= Butch Mystique =

2003 documentary film by Debra A Wilson

Butch Mystique is a 2003 documentary directed by Debra A. Wilson. The documentary explores the lives of a group of African American butch identified lesbians within the Oakland/San Francisco Bay area.

== Content ==

The documentary follows nine African American butch identified lesbians: Chris Baldwin, Skyler Cooper, Elyse Duckett, Matu Feliciano, Pippa Fleming, Carol Hill, Kymberly Jackson, Sable McQuarters, and Johnnie Pratt. Within the documentary, the women range in their ages and share various aspects of their personal lives and specifically about their butch lifestyle.
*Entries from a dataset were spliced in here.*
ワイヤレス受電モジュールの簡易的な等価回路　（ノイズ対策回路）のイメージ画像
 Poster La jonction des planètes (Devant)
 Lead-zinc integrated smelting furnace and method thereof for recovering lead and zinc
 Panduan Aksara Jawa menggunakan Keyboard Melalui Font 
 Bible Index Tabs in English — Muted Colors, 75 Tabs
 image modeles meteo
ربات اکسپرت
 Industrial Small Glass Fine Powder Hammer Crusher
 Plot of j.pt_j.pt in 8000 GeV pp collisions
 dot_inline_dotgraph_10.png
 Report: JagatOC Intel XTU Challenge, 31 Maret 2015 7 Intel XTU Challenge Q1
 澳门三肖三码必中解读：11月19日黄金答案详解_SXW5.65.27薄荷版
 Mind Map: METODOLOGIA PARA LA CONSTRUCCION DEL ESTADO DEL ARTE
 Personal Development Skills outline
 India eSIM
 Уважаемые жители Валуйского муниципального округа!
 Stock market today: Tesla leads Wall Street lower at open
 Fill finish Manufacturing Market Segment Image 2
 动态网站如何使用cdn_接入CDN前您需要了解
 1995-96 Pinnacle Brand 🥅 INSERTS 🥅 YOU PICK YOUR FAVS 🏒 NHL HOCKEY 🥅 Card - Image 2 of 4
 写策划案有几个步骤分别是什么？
The topics discussed include: their look/gender expression, self acceptance and coming out, childhood, relationships with family members, partners, perceptions of society, and what it means to identify as butch. Because of these women's shared racial identity as African American butch lesbians, the interplay of race, gender, and sexuality is very much relevant to the documentary. The testimonies of these women have been described as raw, powerful, intimate, and ultimately convey the experience of finding and being one's self outside the norm of society.

Wilson suggested that Butch Mystique, “goes beneath the surface, beyond the stereotypes, to reveal the heart of what it means to be an African American butch-identified lesbian.”

== Reception ==

Malinda Lo proclaims that Butch Mystique: “succeeds in presenting an interesting and informative picture of the lives of African American butch lesbians, because the interviews succeed in making each of these women truly human.” Lo critiques that the documentary could have better situated the stories of the women within the relevant historical and geographical context.

== Awards ==

The documentary was awarded the Audience Award for Best Short at the 2003 San Francisco International Gay and Lesbian Film Festival. Also, the documentary won the 2004 Showtime Black Filmmaker Showcase grant.